O fato de que em grandes áreas de Cerrado a vegetação foi substituída por pastos e lavouras desencadeia alguns problemas importantes, explica a bióloga Alessandra Fidelis, professora da Unesp de Rio Claro. O mais imediato é a perda de biodiversidade do bioma e a pressão que será cada vez maior sobre as principais nascentes brasileiras.

“E nesse sentido, quando falamos em recuperação do ecossistema, temos que ter em mente que ainda não sabemos muito bem como restaurar as áreas de Cerrado”, afirma a especialista.

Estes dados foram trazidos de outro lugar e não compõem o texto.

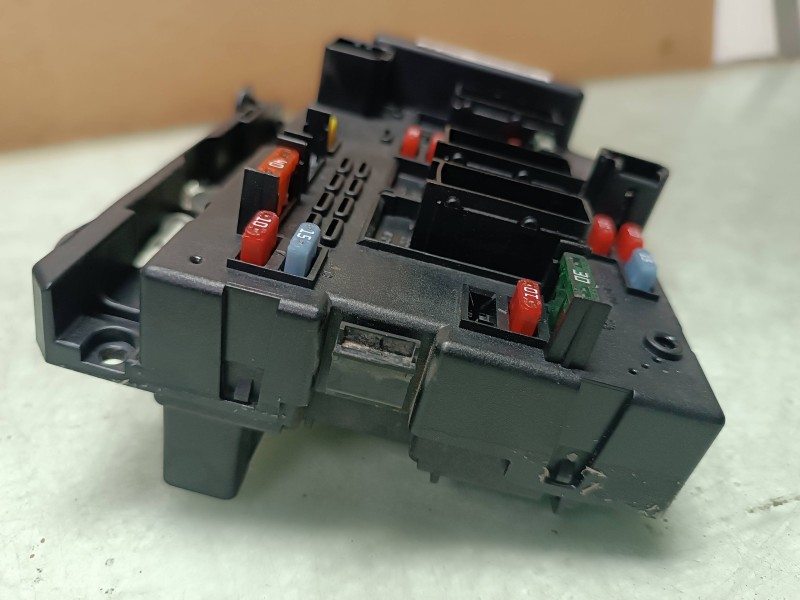 Recambio de caja reles / fusibles para peugeot 206 berlina xs-line referencia OEM IAM 9657608780 BSM B3 DELPHI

Segundo Fidelis, o fato de os programas de compra e venda de créditos de carbono estimularem o plantio de árvores é um problema em si para o Cerrado. “Isso funciona para as florestas. Mas no Cerrado, o mais importante, em um primeiro momento, é recuperar as áreas abertas com plantas que são mais rasteiras. Mesmo sendo árvores nativas, não adianta plantá-las apenas”, diz.

A mudança climática já é visível

Por mais que o Cerrado seja um bioma complexo – e até por isso nem sempre as técnicas de restauração florestal muito mais bem estudadas por causa da Amazônia e da Mata Atlântica servem para a região – um dado já é tido como certo. O bioma, por causa do desmatamento, vem passando por uma forte mudança climática na última década. Algo que tende a se acentuar nos próximos anos, com impactos tanto para a biodiversidade quanto para a própria produção.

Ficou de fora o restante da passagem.